> **YOUR OBJECTIVE**
Read through the listing below and copy each line in which the word "Stock" occurs.

> **INPUT FOR THIS TASK**

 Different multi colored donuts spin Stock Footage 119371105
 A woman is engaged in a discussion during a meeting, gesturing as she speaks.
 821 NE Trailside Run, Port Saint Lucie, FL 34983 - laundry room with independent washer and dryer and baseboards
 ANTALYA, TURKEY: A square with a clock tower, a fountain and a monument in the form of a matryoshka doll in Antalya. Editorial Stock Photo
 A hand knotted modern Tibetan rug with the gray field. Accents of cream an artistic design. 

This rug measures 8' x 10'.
==
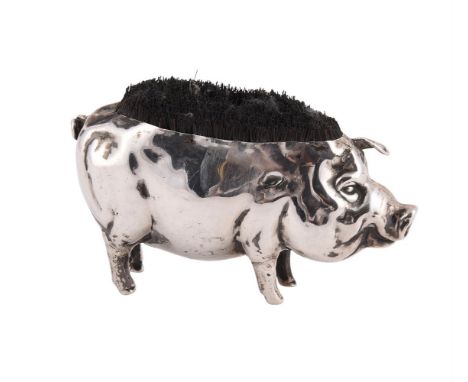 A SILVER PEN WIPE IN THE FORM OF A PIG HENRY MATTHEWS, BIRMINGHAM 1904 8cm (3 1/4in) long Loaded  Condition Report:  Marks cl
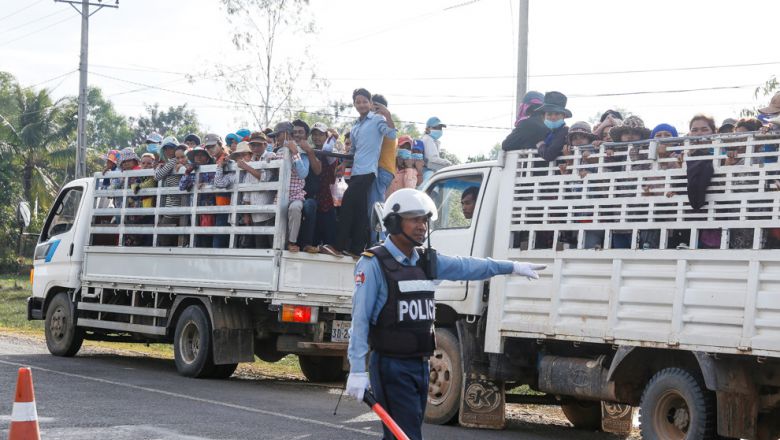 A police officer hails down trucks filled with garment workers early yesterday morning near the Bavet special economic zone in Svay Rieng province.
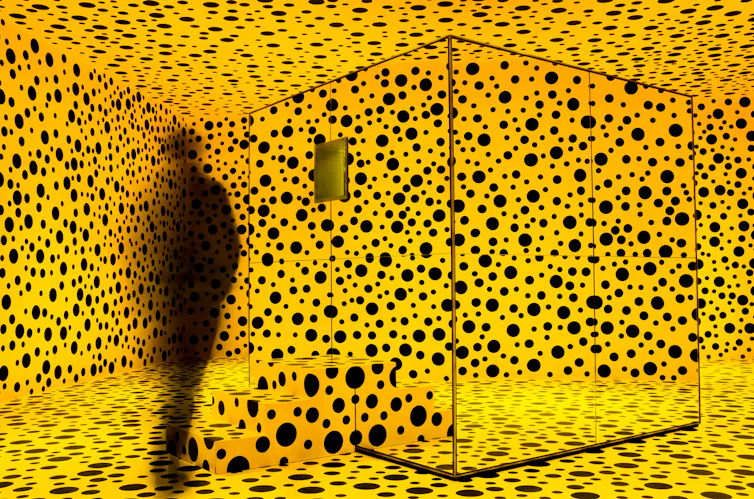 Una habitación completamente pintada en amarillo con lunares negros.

> **TASK SOLUTION**
 Different multi colored donuts spin Stock Footage 119371105
 ANTALYA, TURKEY: A square with a clock tower, a fountain and a monument in the form of a matryoshka doll in Antalya. Editorial Stock Photo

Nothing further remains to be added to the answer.